§ Data excerpt

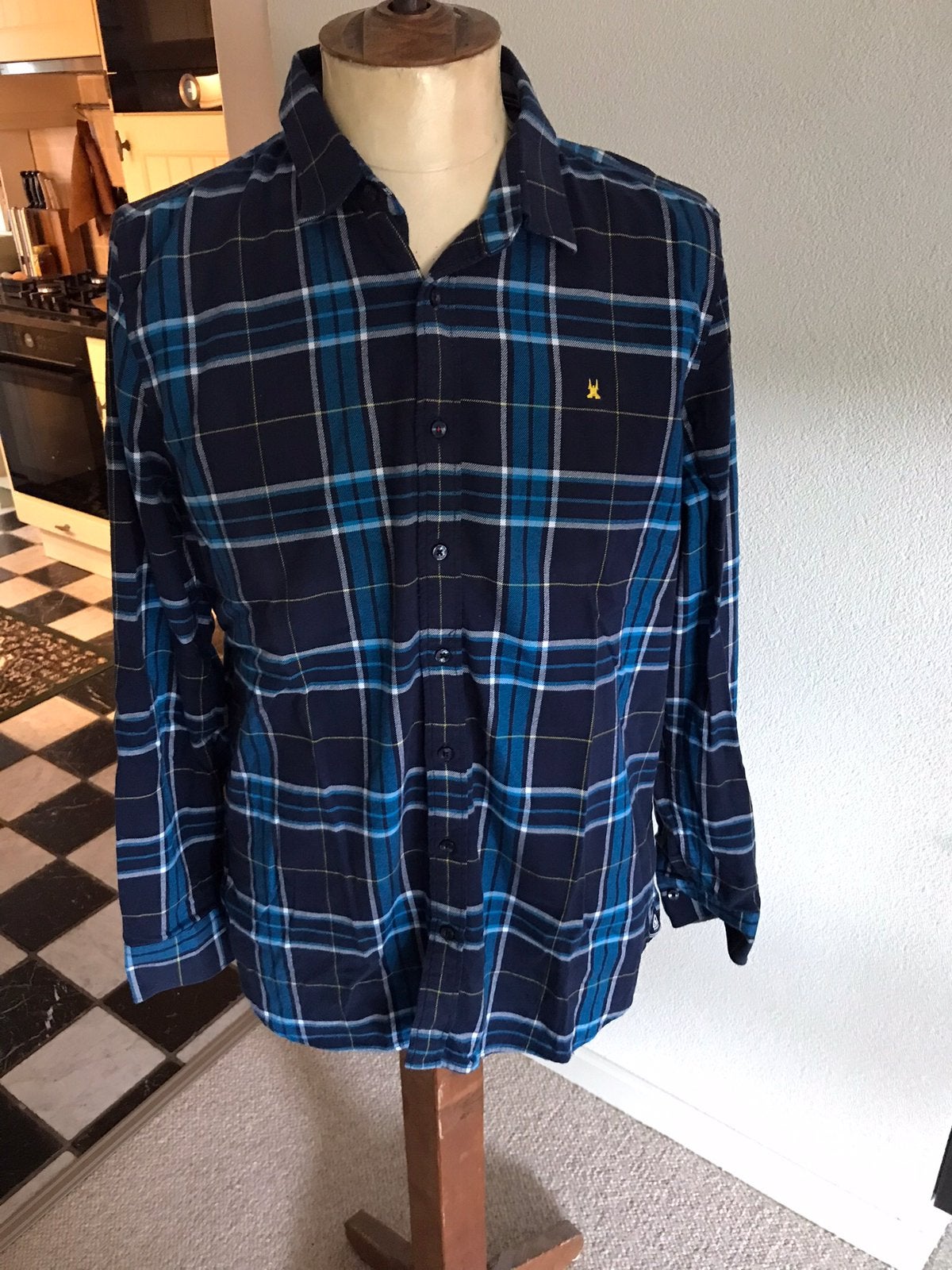 Mooie zgan flanel geruiten GAARSTRA overhemd blauwtinten, Kleding | Heren, Ophalen of Verzenden, Zo goed als nieuw, Overige kleuren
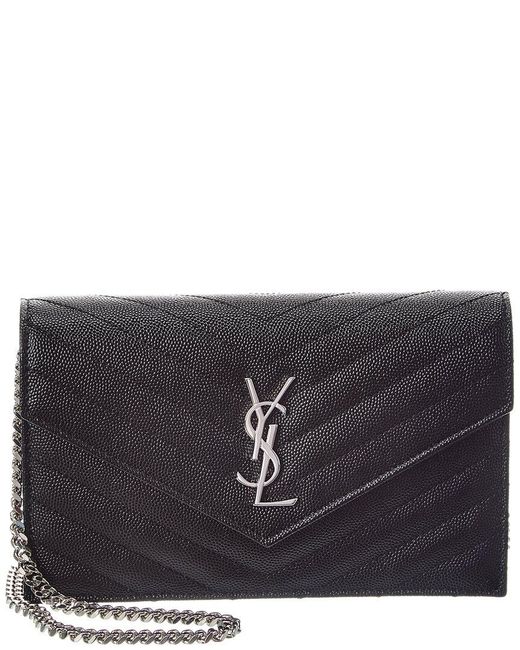 Saint Laurent Black Cassandra Leather Wallet On Chain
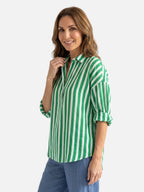 Chemise Femme Rayée Manches Longues à Col Classique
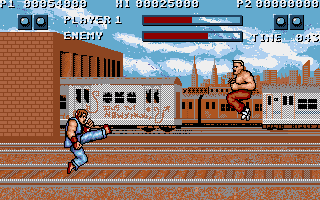 Street Fighter (Amiga) screenshot: Ryu vs Joe (U.S.A.)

§ Exercise
Make an exact copy of the listing. Do not carry over its pictures.

§ Answer to the exercise
 Mooie zgan flanel geruiten GAARSTRA overhemd blauwtinten, Kleding | Heren, Ophalen of Verzenden, Zo goed als nieuw, Overige kleuren
 Saint Laurent Black Cassandra Leather Wallet On Chain
 Chemise Femme Rayée Manches Longues à Col Classique
 Street Fighter (Amiga) screenshot: Ryu vs Joe (U.S.A.)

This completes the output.